Material to process: Begin

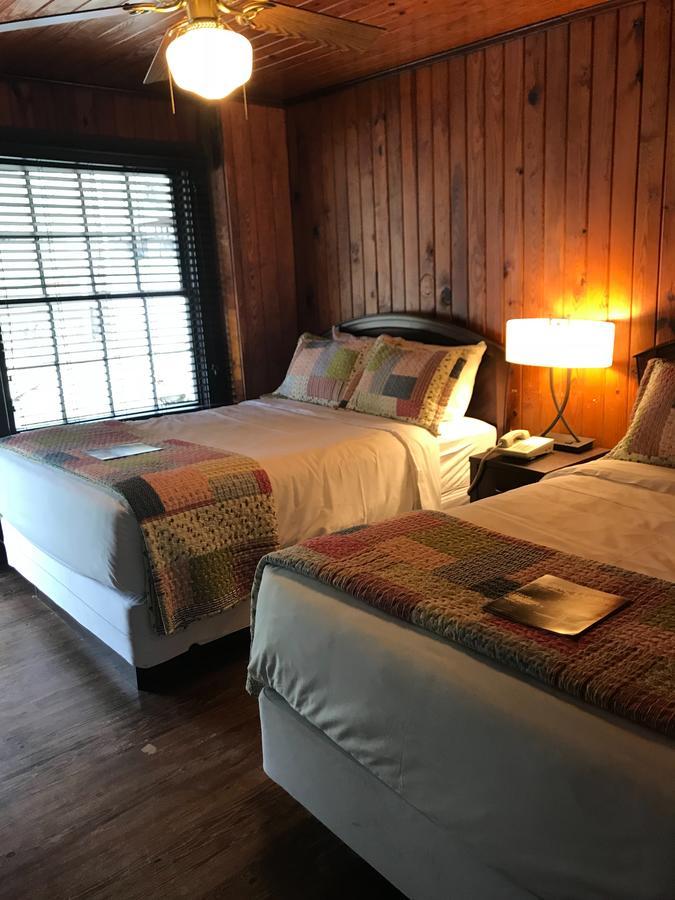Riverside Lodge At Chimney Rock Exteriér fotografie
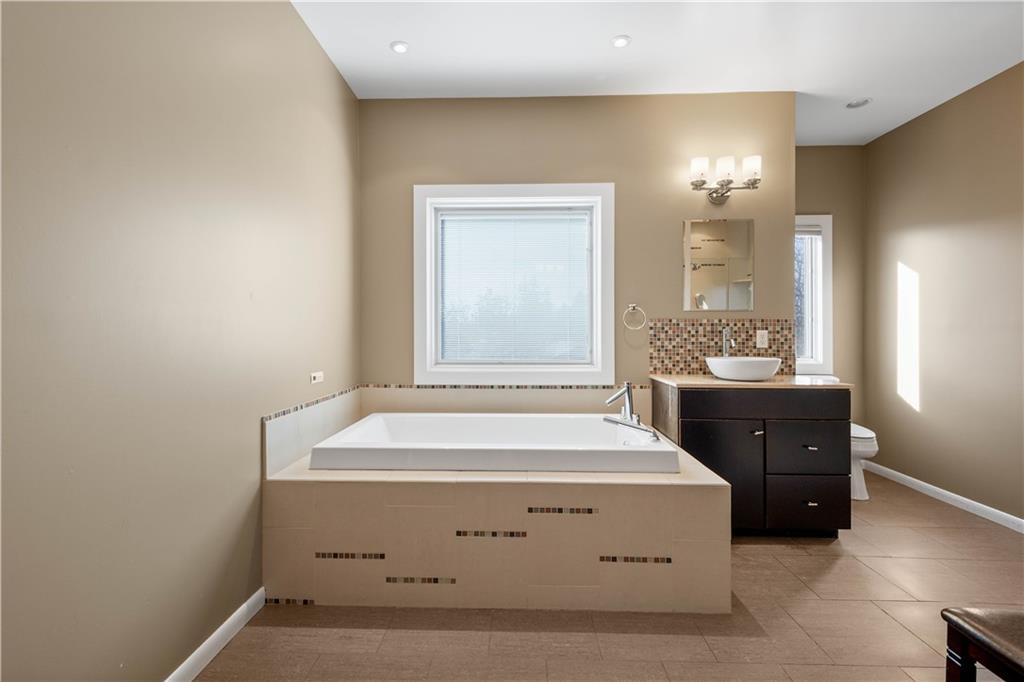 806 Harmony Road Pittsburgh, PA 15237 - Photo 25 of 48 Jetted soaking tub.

Material to process: End
Material to process: Begin

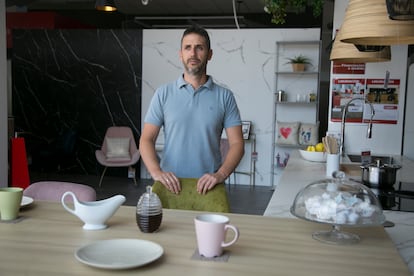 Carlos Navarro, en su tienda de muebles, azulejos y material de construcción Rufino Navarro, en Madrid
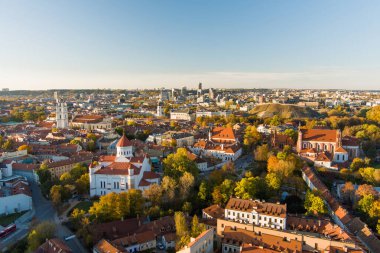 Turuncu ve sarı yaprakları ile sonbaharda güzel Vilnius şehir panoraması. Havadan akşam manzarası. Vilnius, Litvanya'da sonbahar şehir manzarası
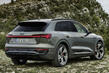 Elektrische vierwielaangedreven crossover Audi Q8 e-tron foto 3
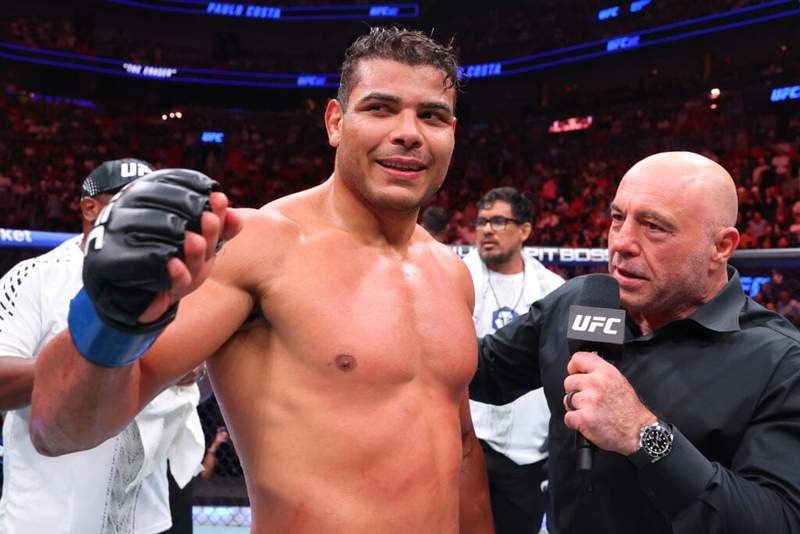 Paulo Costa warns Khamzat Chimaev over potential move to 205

Material to process: End

Copy nothing but the lines above that run from the one with "Turuncu ve sarı" to the one with "Elektrische vierwielaangedreven crossover", ends included; pictures stay out.

Solution for this problem >>
 Turuncu ve sarı yaprakları ile sonbaharda güzel Vilnius şehir panoraması. Havadan akşam manzarası. Vilnius, Litvanya'da sonbahar şehir manzarası
 Elektrische vierwielaangedreven crossover Audi Q8 e-tron foto 3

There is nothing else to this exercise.